Biofilms are composed of microcolonies that are known to adhere to each other and/or surfaces or interfaces enclosed in a highly hydrated polymeric matrix [65]. Bacteria form biofilms consisting of extracellular polysaccharides, proteins, and nucleic acids to be protective when the stress environment is formed [58].

Another response to stress conditions is structural change that is often seen in bacteria when exposed to stress. This change is reduction in cell size or cell elongation. Low water activity can cause filament formation, but this formation does not increase cell number, and causes increased overall biomass [66]. When exposed to refrigeration temperatures, E. coli and Salmonella enterica subsp. enterica serovars Enteritidis and S. typhimurium are known to develop filaments [67]. Thanks to these resistance mechanisms, microorganisms can get rid of disinfection and contact the surfaces; therefore, they cause contamination of food. For this reason, different combinations are developed in drying methods.

Are drying processes successful in the inactivation of microorganisms on dried food?

Drying is a frequently used process to protect food products. This process based on dehydration significantly reduces the water activity of the food, thereby helping to delay the kinetics that affect the deterioration of the food [21, 26]. Some acidic fruits can have a low pH, which can be damaging to microorganisms, and due to their complex structure, there may be serious changes in the survival of microorganisms during the drying of fruits. Unfortunately, fruits and vegetables have many compounds which are increasing the survivability of the microorganisms during dehydration, certain sugars such as sucrose and amino acids can increase the ability of bacteria to survive in the preservation processes [60, 68]. For this reason, different technologies have been added to the drying processes for the inactivation of microorganisms, and additions have been made to stress factors such as low water activity.

One of these technologies is the pretreatment application before drying. Using different acid solutions is one of them. Burnham [70] reported that they dried the Gala apple in two different ways. Just dehydrating treatment of apple at 62.8 °C for 6 h provided approximately a 3.2 log reduction of E. coli O157:H7 populations; however, when the slices were pre-dried with 3.4% ascorbic acid solution, the number of microorganisms was about twice as much logarithmic decline. Derrickson-Tharrington [20] compared convective air drying and various acid pretreated drying processes. In the convective air drying, while the E. coli O157: H7 population decreased by about 3 logarithms, this count was an average of 6 logarithms in acid applications and almost all pathogens were inactivated. Dipersio [19] indicated that pre-treatment with metabisulfite or acidic solutions enhanced the inactivation of Salmonella during dehydration and storage. Pathogen load on slices treated with these acids was reduced approximately 4.3 and 5.2 log cfu/g, respectively. Bang [71] investigated how the combination of ClO2 and mild dry heat treatments affect microorganism inactivation. At the end of the study, the results show that this method inactivates total aerobic bacteria, E. coli O157: H7, mold and yeast on radish seeds. Also, the application of 200 to 500 mg/ml ClO2 for radish seeds reduced the total aerobic bacteria by about 5.1 log. And when samples were treated with 200 and 500 mg/ml ClO2, air dried, and heated, E. coli O157:H7 was reduced to an undetectable level (< 0.8 log cfu/g). Results show that this combined process will be useful to enhance the microbiological safety of radish sprouts.

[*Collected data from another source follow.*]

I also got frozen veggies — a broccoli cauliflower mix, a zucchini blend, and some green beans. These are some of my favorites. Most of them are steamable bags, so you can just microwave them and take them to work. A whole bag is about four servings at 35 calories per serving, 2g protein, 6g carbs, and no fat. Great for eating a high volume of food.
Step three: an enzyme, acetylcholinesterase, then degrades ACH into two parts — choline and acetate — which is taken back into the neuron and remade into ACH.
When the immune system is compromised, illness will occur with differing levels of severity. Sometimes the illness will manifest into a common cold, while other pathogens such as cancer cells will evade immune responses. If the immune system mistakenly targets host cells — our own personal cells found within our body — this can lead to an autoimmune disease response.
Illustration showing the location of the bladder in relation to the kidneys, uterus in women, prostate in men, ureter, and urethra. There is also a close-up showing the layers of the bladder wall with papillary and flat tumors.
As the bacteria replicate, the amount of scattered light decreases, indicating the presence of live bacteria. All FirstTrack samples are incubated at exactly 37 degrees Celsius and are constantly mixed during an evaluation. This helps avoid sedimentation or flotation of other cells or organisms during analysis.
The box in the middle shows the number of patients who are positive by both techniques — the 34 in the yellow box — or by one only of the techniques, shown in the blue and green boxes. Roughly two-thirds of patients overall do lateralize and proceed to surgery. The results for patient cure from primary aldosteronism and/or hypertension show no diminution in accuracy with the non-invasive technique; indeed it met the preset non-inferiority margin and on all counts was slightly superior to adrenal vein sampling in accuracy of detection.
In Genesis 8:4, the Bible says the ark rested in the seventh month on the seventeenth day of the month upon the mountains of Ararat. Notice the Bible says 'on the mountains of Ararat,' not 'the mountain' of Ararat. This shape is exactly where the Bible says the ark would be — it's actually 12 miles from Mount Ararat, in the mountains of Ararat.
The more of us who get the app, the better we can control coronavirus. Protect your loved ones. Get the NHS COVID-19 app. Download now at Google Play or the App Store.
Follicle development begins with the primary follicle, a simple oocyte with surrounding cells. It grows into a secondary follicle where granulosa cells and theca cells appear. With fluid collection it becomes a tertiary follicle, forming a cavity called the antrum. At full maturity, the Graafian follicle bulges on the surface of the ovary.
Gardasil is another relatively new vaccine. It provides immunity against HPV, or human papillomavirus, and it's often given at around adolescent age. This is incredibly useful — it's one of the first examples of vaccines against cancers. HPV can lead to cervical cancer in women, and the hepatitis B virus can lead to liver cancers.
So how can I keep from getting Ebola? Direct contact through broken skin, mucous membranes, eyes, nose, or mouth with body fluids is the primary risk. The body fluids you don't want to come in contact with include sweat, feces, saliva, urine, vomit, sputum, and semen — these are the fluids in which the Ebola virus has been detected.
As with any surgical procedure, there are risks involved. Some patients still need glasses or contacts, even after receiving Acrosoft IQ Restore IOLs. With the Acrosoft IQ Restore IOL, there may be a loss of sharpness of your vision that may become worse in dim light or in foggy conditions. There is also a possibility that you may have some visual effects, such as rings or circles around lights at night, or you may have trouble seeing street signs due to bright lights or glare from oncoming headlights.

DiPersio [21] determined the effect of drying peach slices with 4.18% sodium metabisulfite, 3.40% ascorbic acid, and 0.21% citric acid solutions on the viability of L. monocytogens. Initially, this microorganism number was 7.9 log cfu/g. Immersion in the sodium metabisulfite solution reduced populations by 5.43 log cfu/g, acetic acid 6.15 log cfu/g, and citric acid 5.25 log cfu/g after 6 h of dehydration. DiPersio [72] showed that in Nantes carrot slices pre-treatment with acid solution reduced viability in Salmonella spp. Also by Chiewchan and Morakotjinda [26] reported that the same results in white cabbage slices for Salmonella spp. Hawaree et al. [62] determined how hot-air drying temperature (~ 70 °C) affects Salmonella anatum on the surface of cabbage. They determined that with longer drying time and higher drying temperature the water activity of the vegetable decreased and reduction rate increased. All these results show that convective air drying at low temperatures (~ 60 °C) alone is not an effective method than combining with various solution pre-treatments.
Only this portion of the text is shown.